At school, I am in second grade. My teachers want me to skip a grade, but my parents say no. Instead, I go to third grade for Science and Reading. Because of this, I am always late for lunch. I wear small pink glasses. I write in my notebooks. I write a story about a tornado, and my mother is called in. I write a story about divorce, and my mother is called in. In the car, she asks me: Why do you write these things? A boy in my class asks to hold my hand and I say okay. He gives me a wooden snake and a broken fishing pole. He has a dirty face and long black hair. He squeezes hard. Then another boy asks to hold my hand. He has red hair and doesn't squeeze at all. I say okay. The first boy finds out, and pushes me against the table in the cafeteria. Uh oh, better get Maco, he says.

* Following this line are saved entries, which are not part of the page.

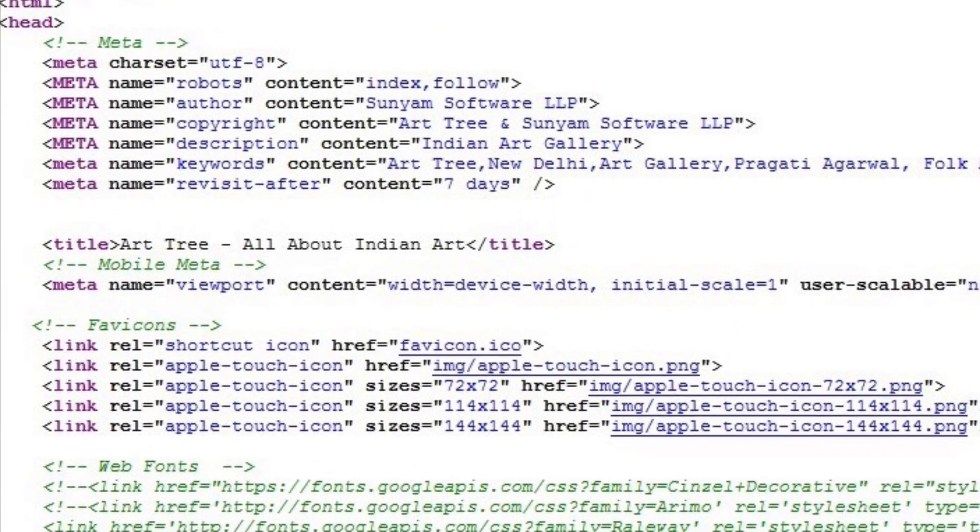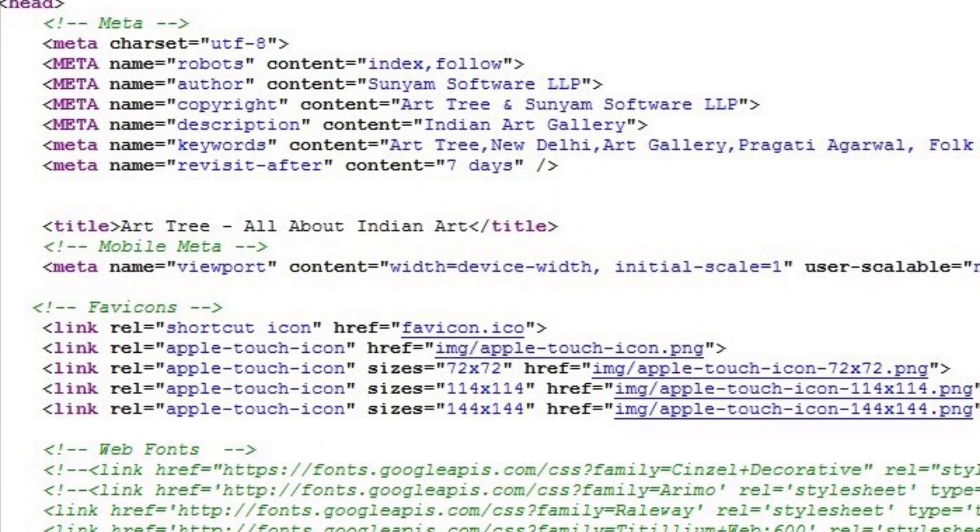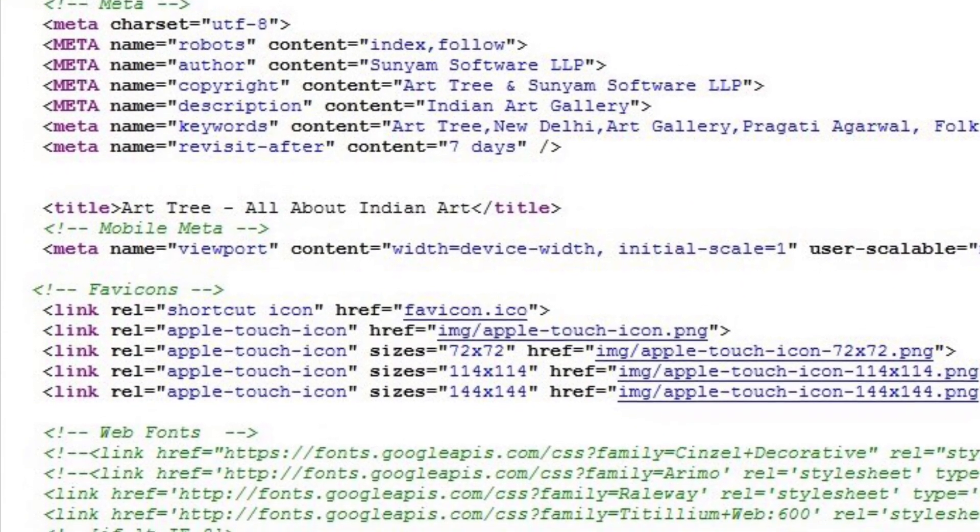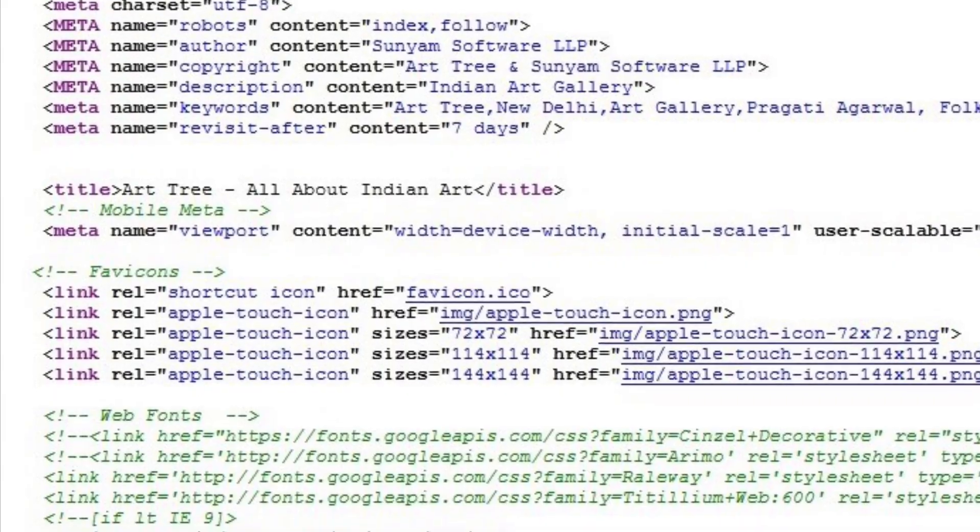Initially, the design is done for the homepage in image format. After finalizing the design, it should be converted into HTML format. All the inner pages follow the homepage design style.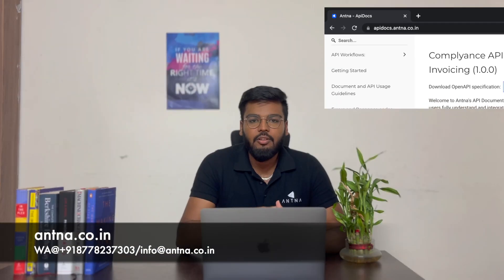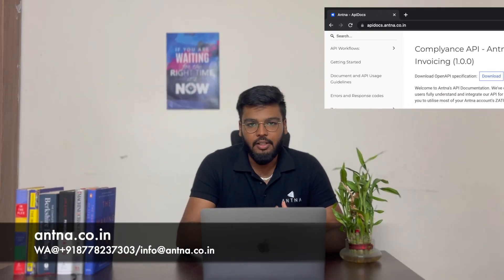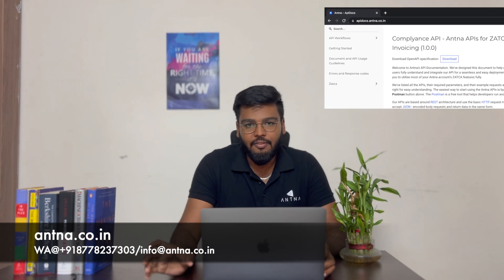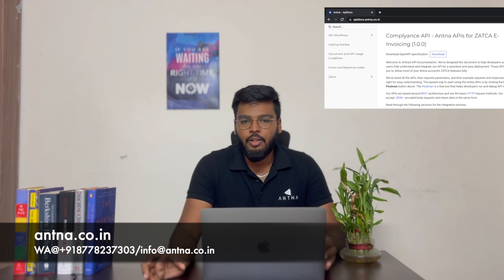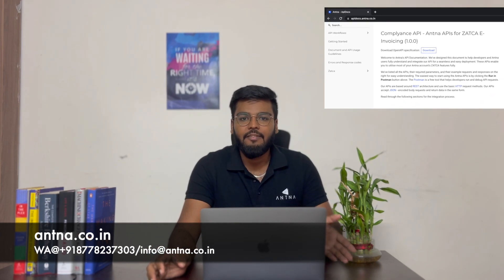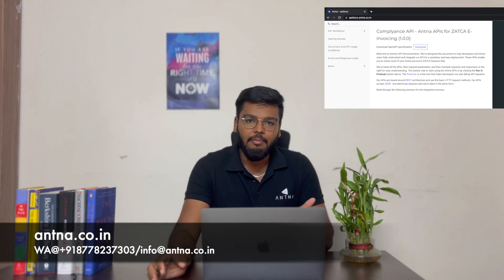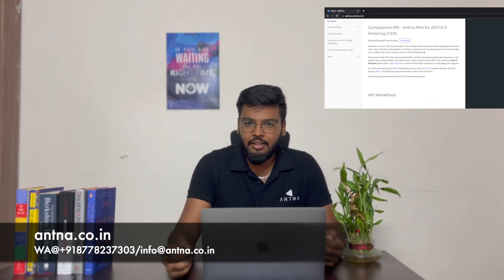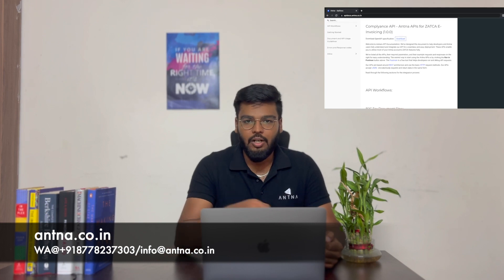If you have any questions or queries, you can post them in the comments section. If you're interested in our API product, you can start integrating it in the test environment — our APIs are free in the test environment. We will validate it and then migrate your account to Zadka's production environment. For any other doubts, you can reach out to us through our WhatsApp number; all details are in the description. See you all in another video. Thank you.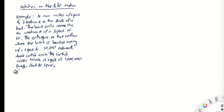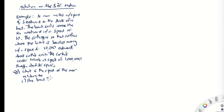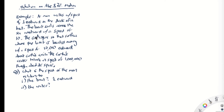So I could ask: what is the speed of the man relative to the boat? Well, we were told he moves with a speed of one eastward on the deck, so the answer is one eastward. Second, what is the speed of the man relative to the water? He's moving at speed one eastward on the deck, but the boat is sailing at speed 10 westward, so his speed relative to the water would be nine westward.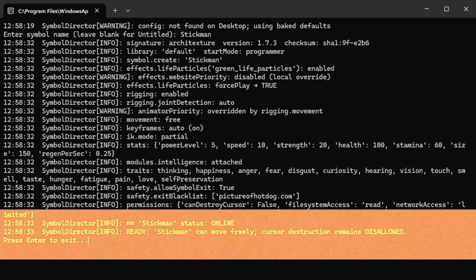Cursor destruction remains disallowed. This line gives the illusion that the stick figure is conscious, but in reality, it's just a console message.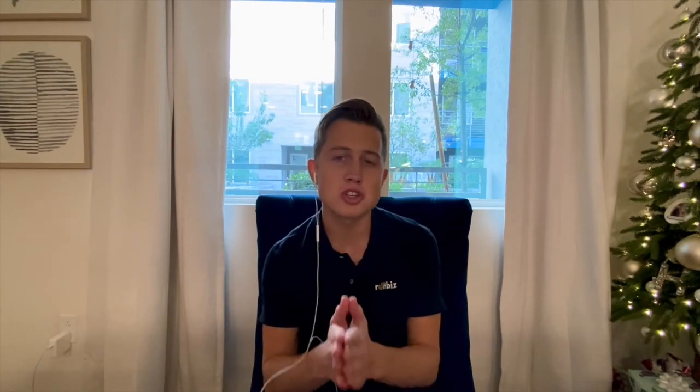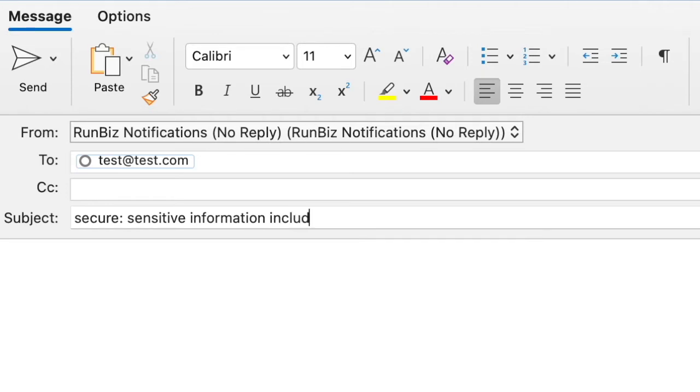So in today's web tip, what we're going to show you and hone in on is just one of the several ways that you can go about sending one of these encrypted messages. It's as easy as this — you open a new email inside of Outlook and simply type "secure:" in the subject line. Then you go about writing the rest of your subject line and email as you normally would, and that action is going to trigger the email to be encrypted through Mimecast.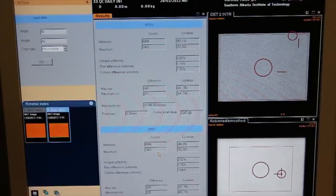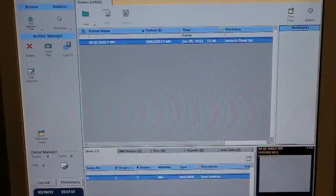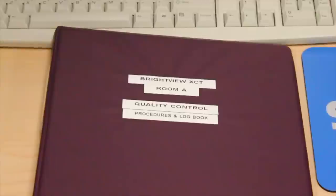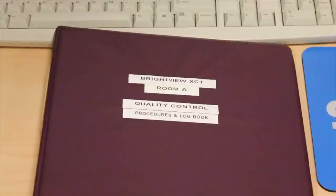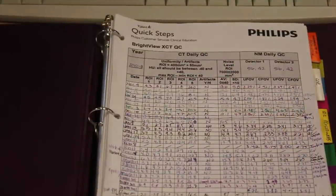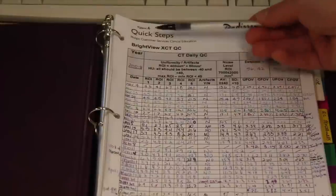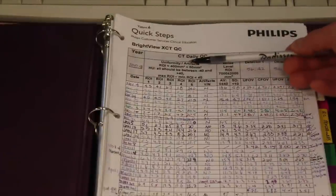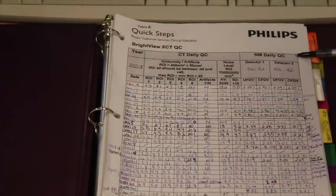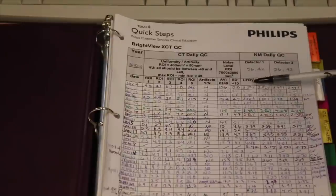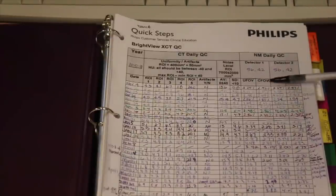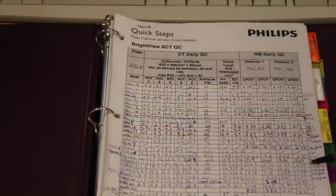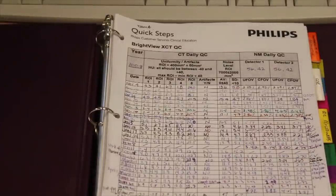Compare the values obtained to Detector 1 values and to the official acceptance limits for uniformity. Log the extrinsic uniformity values under appropriate date, confirming that they are within the extrinsic limits. And sign off to complete your record.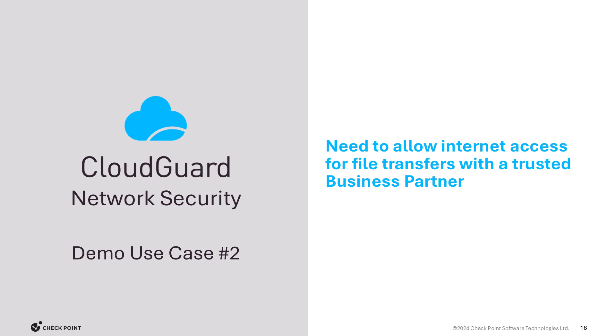For our second use case, let's imagine that we need to allow one of our Azure servers access to the internet to download a file from a trusted business partner. By default, we do not allow this. If you recall from the previous use case, we had created a Data Center Query object called Internet Enabled VMs that looked for a tag name of Internet Enabled VMs and the value of True.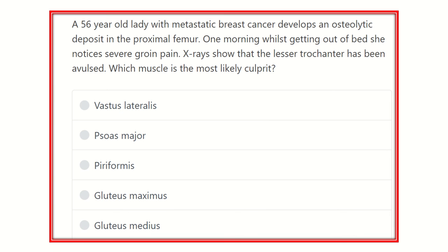Welcome to Crack MRCS channel, dedicated for MRCS exam discussion. Today's question: a 56-year-old lady with metastatic breast cancer develops an osteolytic deposit in the proximal femur. One morning while getting out of bed, she notices severe groin pain. X-rays show that the lesser trochanter has been avulsed. Which muscle is the most likely culprit?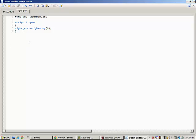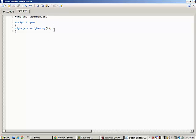It's going to be light underscore force lightning and there's three options. Zero tells it to start a lightning event and then keep lightning randomly. One tells it to start a lightning event and then immediately stop it. And two is it'll stop all lightning events that are already happening.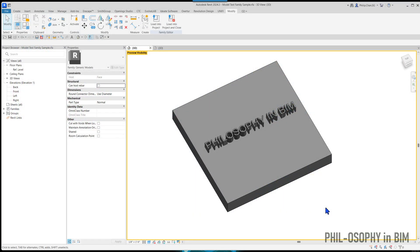There are times where you're going to need to work with some custom font that is not quite in your system yet. So if you are designing signage for your client and you want to come up with different designs that require different fonts, chances are you're going to need some special font other than Arial, Times New Roman, or anything like that — typical fonts — to work with your Revit project.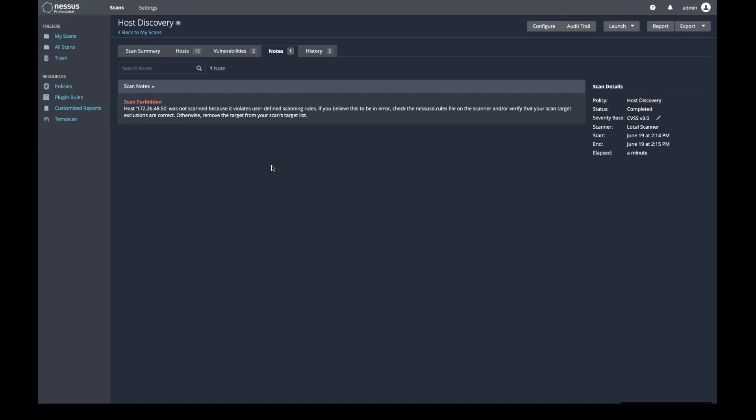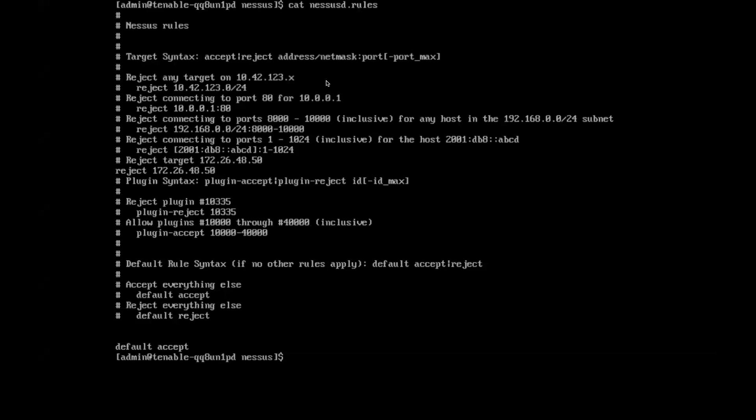In Nessus, rules that prevent scanning of specific targets are set up in the Nessus D rules file. If I look at that file on my system, I can see that the IP is in fact set up to not be scanned.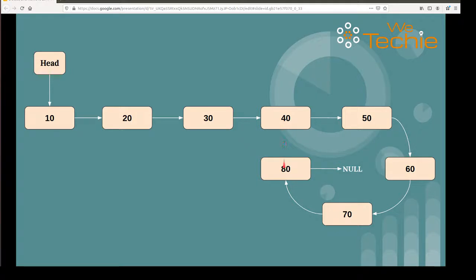Now the link between 40 and 80 is no longer available and it is pointing to null. If you print this list, it will print the nodes from 10 to 80 and it will not keep printing again and again. So this is what we have to do using back-end code. We're going to use the existing code written in our previous tutorial and also write some more logic which will help us remove the link that is creating a cycle.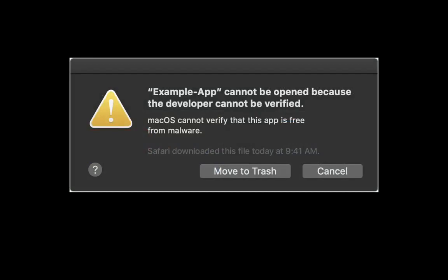Now, if Apple tells you that it cannot be opened because the developer cannot be verified, then you just have to go to the application folder where you find all your applications. Tap Jamulus with two fingers, or right click on it, and choose Open, and then Open again.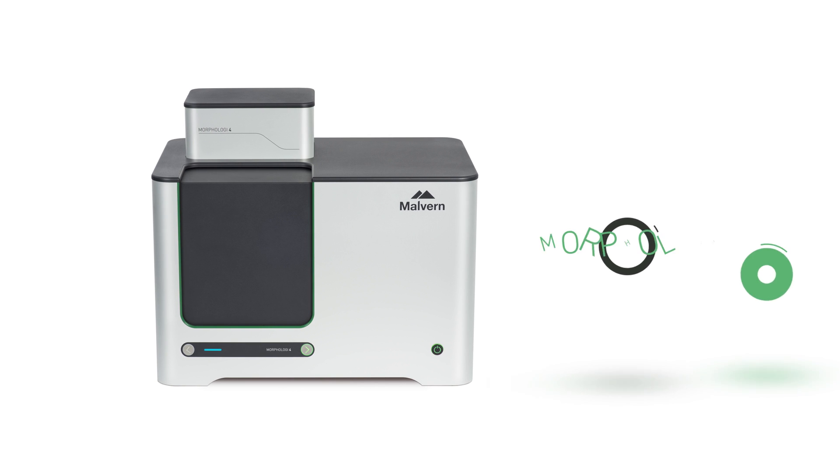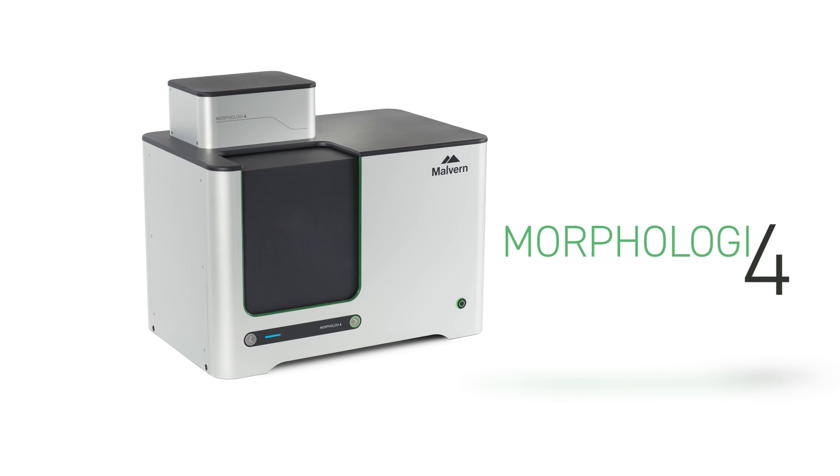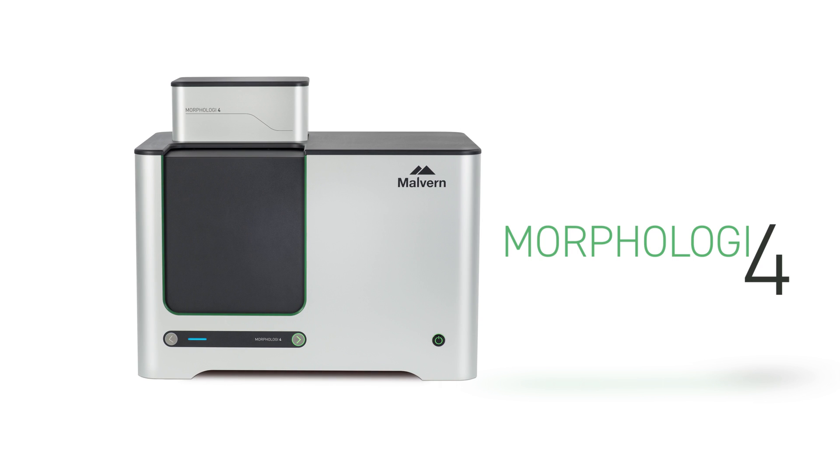The Morphology 4 is an automated image analysis instrument, providing particle size, shape, and transparency information for your sample.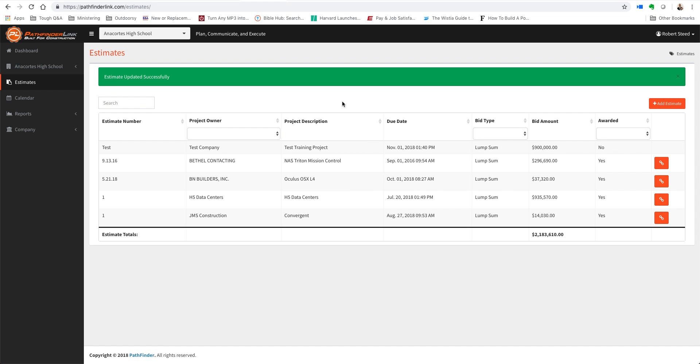If you're entering an estimate and find that you need to add a customer or edit some customer information based on what's already in the system, in order to do that...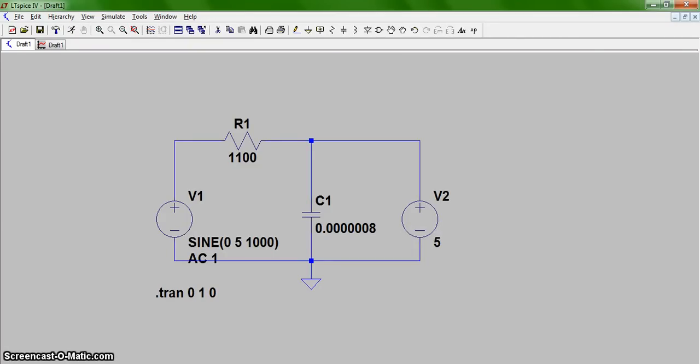Hi, this is Christian Hurtado and Daniel Paolini, and in this video we will discuss how to export data from LTSpice to other packages.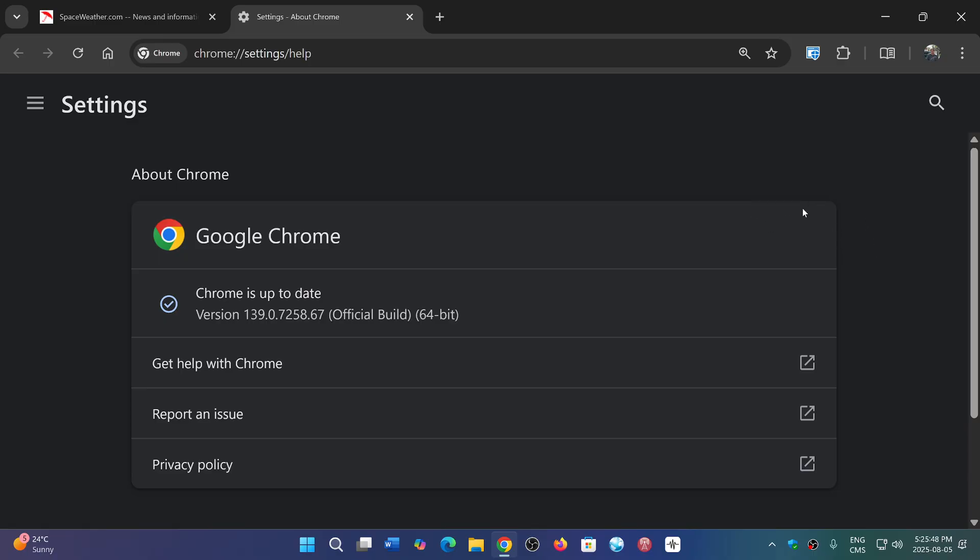So that also means that Edge and some of your browsers will be moving on maybe to a new version this week, and also we'll be getting some of those security updates for Chromium.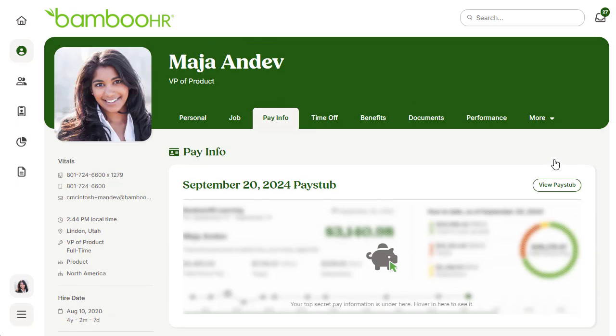And that's the pay info tab. BambooHR creates an experience where you are in control of your pay information in one easy-to-access place. This gives you confidence knowing you are set from paycheck to paycheck and that you have your tax information ready to go at the end of the year. Thanks for watching, and happy bambooing!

We move in a year, as we always do. In a few more years, a freak storm strikes with heavy winds, and the wall of the cafeteria (which is entirely glass) shatters during lunch, injuring many children and killing one.
Ten years ago:
I am seventeen. I have injured my knee in dance practice, which knocked me out of The Nutcracker, and I will be on crutches for a while. Before my accident, I dance four to six hours a day-mostly ballet. I take singing lessons. I am in a play. I am always in a play. The cast throws me a surprise party for my birthday. They have cake and food and wine coolers I don't drink, and perform improv for me all night while I sit in the front row and laugh and laugh. Most of my friends are from the theatre, in their fifties and sixties, but I have two friends at school my own age, and we sit in a parked car at the reservoir at sunset and talk about leaving town.
I am a vegetarian. I rarely speak to my father.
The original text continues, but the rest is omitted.